Kelly también ofrece una capa de análisis al hacer de Donnie Darko un escenario donde la barrera entre las artes y la vida misma se rompe, para tener una influencia mutua. Es el propio Gyllenhaal quien se ve envuelto en una aventura fantástica con matices de ciencia ficción, donde el realizador implementa sus propias reglas para conducir a su protagonista a emprender un Hero’s Journey torcido, pero que llena los parámetros establecidos.

De igual forma, Darko ofrece momentos de comedia negra, donde Kelly entrega instantes similares a los vistos en series de televisión de drama familiar y situation comedy, pero con un giro sumamente macabro.

Aquí vale la pena señalar que tanto la edición de la película estrenada en cines como la Versión del Director ofrecen experiencias que tanto amplían los niveles de complejidad y simbolismo como demistifican y reafirman el sustento del universo que el autor ha creado, y en el que se desenvuelven sus personajes, llenos de incertidumbre, ilusiones no cumplidas, vidas rotas que se encuentran y reconfortan, pero que al final no pueden escapar de su destino.
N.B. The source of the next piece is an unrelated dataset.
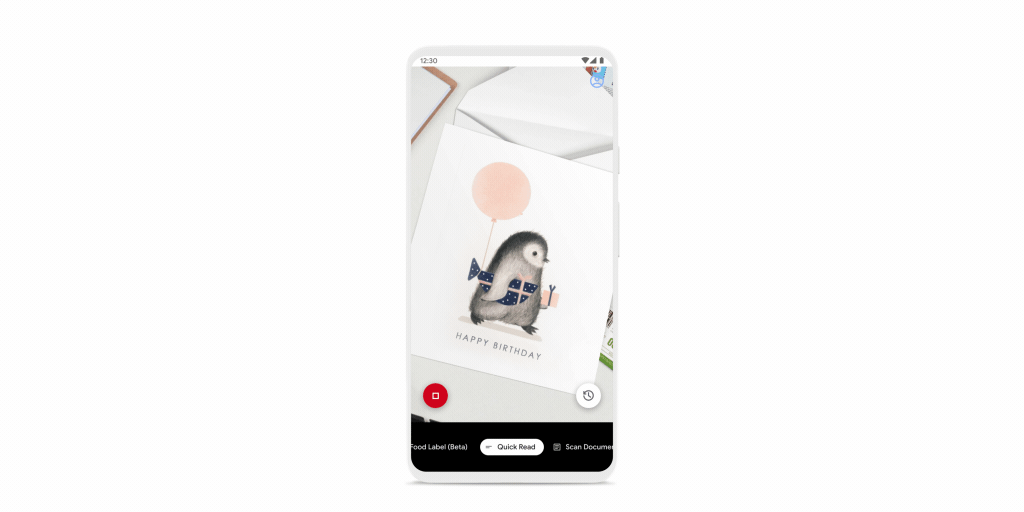 Smartphone is shown in quick read mode, reading “Happy Birthday” from a card with a penguin on it.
En este último punto, Darko es en gran medida más efectiva que su compañera generacional y espiritual, la fallida Final Destination (Wong, Morgan, Reddick, 2000), donde la inevitabilidad de las cosas que le suceden a Donnie provocan un dejo de tristeza y asombro por parte del público, afirmando ante todos que este cinta está dispuesta a ser más ambiciosa y a no caer en los designios de un film de género.

Donnie Darko es una mezcla elegante de elementos narrativos muy diversos, que en conjunto nos regalan una historia llena de sentimientos auténticos por parte de su cast, sumidos en el autodescubrimiento y enfrentándose a sucesos repletos de un sentido de pérdida y gran fatalismo.